## What to work on
Character for character, write out the data below.

## Source records
____________________
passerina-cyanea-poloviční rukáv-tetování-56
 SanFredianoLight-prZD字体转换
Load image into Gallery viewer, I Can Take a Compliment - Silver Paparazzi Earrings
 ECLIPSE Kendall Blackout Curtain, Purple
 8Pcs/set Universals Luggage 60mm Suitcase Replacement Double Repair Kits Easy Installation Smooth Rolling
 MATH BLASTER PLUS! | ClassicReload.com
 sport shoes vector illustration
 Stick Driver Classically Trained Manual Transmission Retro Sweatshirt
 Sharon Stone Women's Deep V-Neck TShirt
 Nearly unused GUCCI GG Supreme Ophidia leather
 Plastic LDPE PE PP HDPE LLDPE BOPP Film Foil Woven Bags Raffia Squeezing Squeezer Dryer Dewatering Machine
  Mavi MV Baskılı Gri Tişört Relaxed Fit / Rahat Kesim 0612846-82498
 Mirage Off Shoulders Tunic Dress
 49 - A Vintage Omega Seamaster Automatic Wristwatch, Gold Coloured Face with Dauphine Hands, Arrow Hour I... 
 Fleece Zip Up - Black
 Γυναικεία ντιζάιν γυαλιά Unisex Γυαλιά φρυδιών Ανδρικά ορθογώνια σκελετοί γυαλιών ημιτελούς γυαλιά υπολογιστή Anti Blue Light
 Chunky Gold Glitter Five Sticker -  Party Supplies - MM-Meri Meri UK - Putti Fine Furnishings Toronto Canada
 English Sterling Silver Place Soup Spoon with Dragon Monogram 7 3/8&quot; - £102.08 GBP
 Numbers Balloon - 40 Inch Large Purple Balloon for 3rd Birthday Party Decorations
____________________
## Written solution
passerina-cyanea-poloviční rukáv-tetování-56
 SanFredianoLight-prZD字体转换
Load image into Gallery viewer, I Can Take a Compliment - Silver Paparazzi Earrings
 ECLIPSE Kendall Blackout Curtain, Purple
 8Pcs/set Universals Luggage 60mm Suitcase Replacement Double Repair Kits Easy Installation Smooth Rolling
 MATH BLASTER PLUS! | ClassicReload.com
 sport shoes vector illustration
 Stick Driver Classically Trained Manual Transmission Retro Sweatshirt
 Sharon Stone Women's Deep V-Neck TShirt
 Nearly unused GUCCI GG Supreme Ophidia leather
 Plastic LDPE PE PP HDPE LLDPE BOPP Film Foil Woven Bags Raffia Squeezing Squeezer Dryer Dewatering Machine
  Mavi MV Baskılı Gri Tişört Relaxed Fit / Rahat Kesim 0612846-82498
 Mirage Off Shoulders Tunic Dress
 49 - A Vintage Omega Seamaster Automatic Wristwatch, Gold Coloured Face with Dauphine Hands, Arrow Hour I... 
 Fleece Zip Up - Black
 Γυναικεία ντιζάιν γυαλιά Unisex Γυαλιά φρυδιών Ανδρικά ορθογώνια σκελετοί γυαλιών ημιτελούς γυαλιά υπολογιστή Anti Blue Light
 Chunky Gold Glitter Five Sticker -  Party Supplies - MM-Meri Meri UK - Putti Fine Furnishings Toronto Canada
 English Sterling Silver Place Soup Spoon with Dragon Monogram 7 3/8&quot; - £102.08 GBP
 Numbers Balloon - 40 Inch Large Purple Balloon for 3rd Birthday Party Decorations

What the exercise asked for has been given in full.